§ Activity:
In the copy you make, include no pictures, and transcribe every record exactly.

§ Data records:
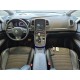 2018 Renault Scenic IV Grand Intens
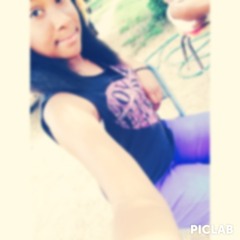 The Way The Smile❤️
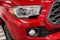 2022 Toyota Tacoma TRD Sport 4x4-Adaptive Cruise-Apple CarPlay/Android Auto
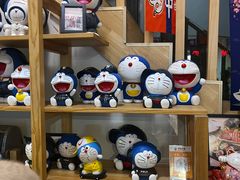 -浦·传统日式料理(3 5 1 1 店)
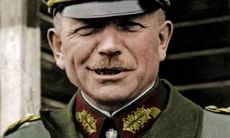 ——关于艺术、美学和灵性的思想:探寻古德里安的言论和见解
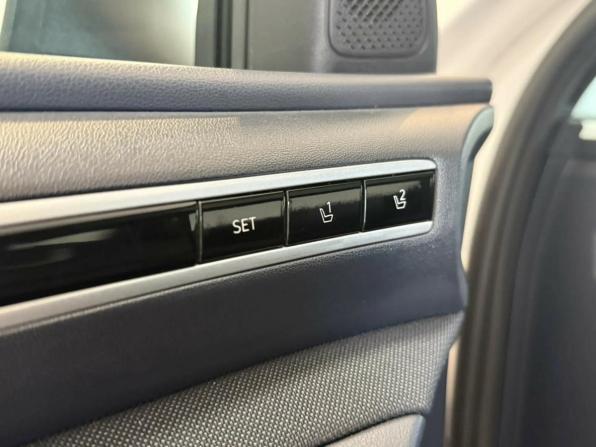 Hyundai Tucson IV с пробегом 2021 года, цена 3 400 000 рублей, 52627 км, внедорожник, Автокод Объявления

§ Answer box:
 2018 Renault Scenic IV Grand Intens
 The Way The Smile❤️
 2022 Toyota Tacoma TRD Sport 4x4-Adaptive Cruise-Apple CarPlay/Android Auto
 -浦·传统日式料理(3 5 1 1 店)
 ——关于艺术、美学和灵性的思想:探寻古德里安的言论和见解
 Hyundai Tucson IV с пробегом 2021 года, цена 3 400 000 рублей, 52627 км, внедорожник, Автокод Объявления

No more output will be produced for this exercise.